Learning Forum

[Ruzan Sokhoyan]

Hello,

 

I have a question regarding simulating electro-optic modulators. I am trying to simulate a modulator, as shown in the schematic below. In my simulation, LNO and Si are defined as semiconductors while SiO2 is defined as a dielectric. I use two gold contacts on the side. I set the potential of one of the contacts to zero while the voltage applied to the second contact is being swept from 0 V to 5 V. I record the electric field in the LNO. As seen in the image below, the spatial distribution of the absolute value of the electric field in the LNO appears asymmetric. This does not make much sense to me. Where do you think this could be coming from?

 

Thank you!

[Guilin Sun]

I am not sure what kind of symmetry you expect: between two contacts? it is less likely, since the potential is gradually reduced to drive the current. Please test this example  and see if the static field is symmetric: https://optics.ansys.com/hc/en-us/articles/360042327854-PIN-Mach-Zehnder-modulator

You may check result at zero voltage and compare it with higher voltage. 

 

[Ruzan Sokhoyan]

One example of a symmetric distribution of the electric field can be found in this paper.

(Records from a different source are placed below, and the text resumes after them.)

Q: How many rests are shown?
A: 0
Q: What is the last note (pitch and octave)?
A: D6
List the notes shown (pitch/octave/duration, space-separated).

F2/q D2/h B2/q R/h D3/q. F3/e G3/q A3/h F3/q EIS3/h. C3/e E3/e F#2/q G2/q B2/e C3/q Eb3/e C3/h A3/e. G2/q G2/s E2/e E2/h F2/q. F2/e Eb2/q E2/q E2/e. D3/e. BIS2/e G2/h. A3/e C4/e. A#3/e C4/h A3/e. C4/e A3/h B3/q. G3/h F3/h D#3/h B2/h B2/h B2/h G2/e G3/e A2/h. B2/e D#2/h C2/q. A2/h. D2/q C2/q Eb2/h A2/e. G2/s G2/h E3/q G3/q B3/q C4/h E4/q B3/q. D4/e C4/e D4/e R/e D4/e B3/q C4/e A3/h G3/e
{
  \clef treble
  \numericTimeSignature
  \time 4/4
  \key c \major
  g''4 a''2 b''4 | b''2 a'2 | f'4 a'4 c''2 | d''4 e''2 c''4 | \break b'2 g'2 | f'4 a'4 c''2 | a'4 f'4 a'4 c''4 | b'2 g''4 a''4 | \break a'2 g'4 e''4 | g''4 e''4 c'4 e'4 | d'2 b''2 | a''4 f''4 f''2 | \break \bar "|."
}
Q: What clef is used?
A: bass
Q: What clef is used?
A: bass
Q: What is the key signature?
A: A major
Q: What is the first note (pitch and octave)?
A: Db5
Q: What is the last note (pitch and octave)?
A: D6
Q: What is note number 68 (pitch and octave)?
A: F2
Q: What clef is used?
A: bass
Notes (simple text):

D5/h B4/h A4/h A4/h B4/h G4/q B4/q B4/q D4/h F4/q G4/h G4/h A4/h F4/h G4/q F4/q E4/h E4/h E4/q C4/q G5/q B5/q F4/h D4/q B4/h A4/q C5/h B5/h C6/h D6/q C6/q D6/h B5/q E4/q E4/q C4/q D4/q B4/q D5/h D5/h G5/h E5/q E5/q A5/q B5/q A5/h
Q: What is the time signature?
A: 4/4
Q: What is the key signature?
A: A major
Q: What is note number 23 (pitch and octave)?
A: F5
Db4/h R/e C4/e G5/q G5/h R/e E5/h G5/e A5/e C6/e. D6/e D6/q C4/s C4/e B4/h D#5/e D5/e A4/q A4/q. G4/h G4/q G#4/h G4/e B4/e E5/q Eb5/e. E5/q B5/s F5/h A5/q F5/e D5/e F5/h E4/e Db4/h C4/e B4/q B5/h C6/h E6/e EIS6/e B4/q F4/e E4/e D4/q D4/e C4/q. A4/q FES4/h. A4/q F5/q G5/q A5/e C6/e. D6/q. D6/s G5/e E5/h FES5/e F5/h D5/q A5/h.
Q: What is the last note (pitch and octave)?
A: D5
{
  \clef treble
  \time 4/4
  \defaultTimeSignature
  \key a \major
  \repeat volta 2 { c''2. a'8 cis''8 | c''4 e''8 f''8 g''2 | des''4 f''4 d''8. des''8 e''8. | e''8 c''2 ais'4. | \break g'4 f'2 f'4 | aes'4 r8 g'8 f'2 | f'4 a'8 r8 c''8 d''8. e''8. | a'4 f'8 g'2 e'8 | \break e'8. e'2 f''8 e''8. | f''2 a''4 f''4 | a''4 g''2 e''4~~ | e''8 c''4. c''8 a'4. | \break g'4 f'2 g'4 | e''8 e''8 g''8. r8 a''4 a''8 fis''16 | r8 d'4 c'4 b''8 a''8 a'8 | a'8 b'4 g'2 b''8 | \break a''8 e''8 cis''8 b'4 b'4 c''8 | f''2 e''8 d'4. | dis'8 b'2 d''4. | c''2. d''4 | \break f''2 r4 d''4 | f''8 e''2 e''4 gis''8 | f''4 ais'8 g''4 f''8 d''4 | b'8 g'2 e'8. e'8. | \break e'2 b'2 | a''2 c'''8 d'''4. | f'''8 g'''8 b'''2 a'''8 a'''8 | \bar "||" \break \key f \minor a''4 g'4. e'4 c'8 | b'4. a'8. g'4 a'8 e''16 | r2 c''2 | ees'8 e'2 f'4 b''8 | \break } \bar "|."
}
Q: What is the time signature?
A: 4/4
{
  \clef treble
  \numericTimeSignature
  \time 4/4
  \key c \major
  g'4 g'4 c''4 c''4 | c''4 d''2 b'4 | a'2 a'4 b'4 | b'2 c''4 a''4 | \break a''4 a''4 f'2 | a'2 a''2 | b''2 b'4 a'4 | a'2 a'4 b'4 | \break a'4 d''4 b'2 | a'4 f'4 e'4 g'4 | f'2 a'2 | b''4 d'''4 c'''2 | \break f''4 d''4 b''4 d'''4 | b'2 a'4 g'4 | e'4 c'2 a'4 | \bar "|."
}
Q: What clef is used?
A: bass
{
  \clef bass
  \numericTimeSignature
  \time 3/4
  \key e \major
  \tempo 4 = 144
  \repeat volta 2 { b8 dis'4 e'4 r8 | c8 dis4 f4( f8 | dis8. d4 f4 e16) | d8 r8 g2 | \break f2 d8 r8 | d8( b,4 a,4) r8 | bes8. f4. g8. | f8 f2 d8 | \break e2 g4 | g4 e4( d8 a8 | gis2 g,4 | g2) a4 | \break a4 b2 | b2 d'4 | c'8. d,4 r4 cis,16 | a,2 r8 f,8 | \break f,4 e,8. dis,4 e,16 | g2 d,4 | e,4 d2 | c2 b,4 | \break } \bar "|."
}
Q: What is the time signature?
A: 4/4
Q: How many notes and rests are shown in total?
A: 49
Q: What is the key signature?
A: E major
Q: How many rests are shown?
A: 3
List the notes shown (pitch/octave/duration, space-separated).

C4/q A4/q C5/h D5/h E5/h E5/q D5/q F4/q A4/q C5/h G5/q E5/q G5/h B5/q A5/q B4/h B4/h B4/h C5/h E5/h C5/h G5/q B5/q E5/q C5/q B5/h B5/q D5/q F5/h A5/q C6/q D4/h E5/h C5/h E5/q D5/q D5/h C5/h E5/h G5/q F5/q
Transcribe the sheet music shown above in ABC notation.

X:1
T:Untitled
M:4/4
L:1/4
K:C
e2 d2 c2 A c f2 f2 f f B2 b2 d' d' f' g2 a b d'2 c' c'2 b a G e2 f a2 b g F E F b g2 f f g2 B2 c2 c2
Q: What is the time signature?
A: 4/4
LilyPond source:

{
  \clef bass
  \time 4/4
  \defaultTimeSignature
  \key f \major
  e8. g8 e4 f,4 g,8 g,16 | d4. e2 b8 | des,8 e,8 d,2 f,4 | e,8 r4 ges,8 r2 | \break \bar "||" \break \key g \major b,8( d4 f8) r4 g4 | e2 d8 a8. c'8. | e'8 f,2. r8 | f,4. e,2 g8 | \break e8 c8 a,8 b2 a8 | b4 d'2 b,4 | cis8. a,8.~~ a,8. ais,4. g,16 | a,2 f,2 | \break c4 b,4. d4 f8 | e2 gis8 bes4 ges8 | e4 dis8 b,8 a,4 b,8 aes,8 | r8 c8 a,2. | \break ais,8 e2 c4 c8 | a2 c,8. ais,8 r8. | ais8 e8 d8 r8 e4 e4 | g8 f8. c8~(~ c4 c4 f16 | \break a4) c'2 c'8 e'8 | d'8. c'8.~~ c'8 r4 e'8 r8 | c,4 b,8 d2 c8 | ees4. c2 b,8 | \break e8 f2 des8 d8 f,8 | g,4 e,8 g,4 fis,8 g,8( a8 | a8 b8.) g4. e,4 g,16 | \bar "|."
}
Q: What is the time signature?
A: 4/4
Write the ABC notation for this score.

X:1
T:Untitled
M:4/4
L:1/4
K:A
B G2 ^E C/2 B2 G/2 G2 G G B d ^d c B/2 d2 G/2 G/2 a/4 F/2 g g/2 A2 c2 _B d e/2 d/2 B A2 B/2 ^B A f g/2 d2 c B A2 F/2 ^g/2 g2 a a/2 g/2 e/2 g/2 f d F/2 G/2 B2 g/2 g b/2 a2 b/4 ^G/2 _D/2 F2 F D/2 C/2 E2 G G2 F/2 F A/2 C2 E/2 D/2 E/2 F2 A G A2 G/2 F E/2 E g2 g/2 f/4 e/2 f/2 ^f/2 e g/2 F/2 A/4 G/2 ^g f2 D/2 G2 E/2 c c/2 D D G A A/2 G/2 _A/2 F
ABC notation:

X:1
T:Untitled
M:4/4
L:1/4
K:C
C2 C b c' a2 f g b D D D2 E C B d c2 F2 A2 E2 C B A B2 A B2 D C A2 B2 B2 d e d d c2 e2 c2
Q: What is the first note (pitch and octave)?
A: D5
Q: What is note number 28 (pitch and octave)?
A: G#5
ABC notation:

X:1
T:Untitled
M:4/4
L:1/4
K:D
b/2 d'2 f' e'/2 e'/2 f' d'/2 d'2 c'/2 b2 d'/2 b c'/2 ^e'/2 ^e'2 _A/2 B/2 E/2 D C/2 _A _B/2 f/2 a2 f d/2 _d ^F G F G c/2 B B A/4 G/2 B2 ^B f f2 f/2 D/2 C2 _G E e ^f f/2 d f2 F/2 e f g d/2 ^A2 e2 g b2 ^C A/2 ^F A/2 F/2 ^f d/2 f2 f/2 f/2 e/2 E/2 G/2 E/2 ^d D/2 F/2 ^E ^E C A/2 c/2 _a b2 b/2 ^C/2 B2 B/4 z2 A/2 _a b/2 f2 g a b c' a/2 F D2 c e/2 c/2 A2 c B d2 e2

https://www.nature.com/articles/s41467-020-14539-y

 The paper's image can be seen below. The paper considers a situation when two gold electrodes are placed on a lithium niobate substrate. As you see from the image below, the distribution of the absolute value of the electric field is symmetric with respect to x.

 

However, in my simulation, I obtain an asymmetric distribution of the electric field. Why would that be the case?

To clarify, in my simulation, lithium niobate is modeled as a semiconductor.

 

Thanks!

[Ruzan Sokhoyan]

Regarding the example you mentioned  https://optics.ansys.com/hc/en-us/articles/360042327854-PIN-Mach-Zehnder-modulator, if I run the file, the electric field distribution is symmetric. 

 

However, if I model the silicon pad under the electrodes as a dielectric with the same DC permittivity, the electric field becomes asymmetric

Why is that the case?

[Guilin Sun]

This result is not symmetric

have you tried small or zero voltage? Please try to plot Ex, Ey or Ez, not the total field.

[Guilin Sun]

do you think this PIN_MZ result is symmetric?

 

[Ruzan Sokhoyan]

Hi Guilin,

Thank you for your help. I actually found a mistake in my original simulation featuring Au electrodes on the lithium niobate substrate. In my original simulation, the gold electordes were 1 nm above the LNO. I fixed the mistake and the simulation results are shown below. It looks like the simulation results are aligned with the literature reports for geometries featuring au gold electrodes on LNO. But when I introduce a Si brick between the electrodes and place it on LNO, I observe strong asymmetry. This result does not seem to be aligned with similar results in the literature (for example, see figure 2 of this paper https://www.mdpi.com/2304-6732/11/10/987). In my simulation, both LNO and Si are modelled as semiconductors. What do you think is wrong with my simulation setup?

[Ruzan Sokhoyan]

Regarding the example of the Mach Zender interferometer, I indeed see the slight asymmetry in the electric field distribution at 0 V and 6.5 V. Do you think this asymmetry is physical or a result of the numerical error? As seen above, this asymmetry becomes very dramatic when the silicon pad is replaced with a dielectric material with the same DC permittivity. Why is there such a dramatic difference between results observed in the two simulation setups?

 

 

 

[Guilin Sun]

I think it is the physics, as E=-gradient(V), and due to charge distribution the gradient is not a constant. As you can see, some places have strongger electric fields.

[Ruzan Sokhoyan]

Thanks for the comment. However, for me is still unclear why replacing the semiconducting material with an insulator of the same DC permittivity as the semiconductor yields drastically different results. Shoudn't results be identical if no current flows through the system?

[Guilin Sun]

The two materials have totally different material properties. Even at the zero voltage, semiconductor has charges but insulator does not have any, and actually is not invovled in meshing.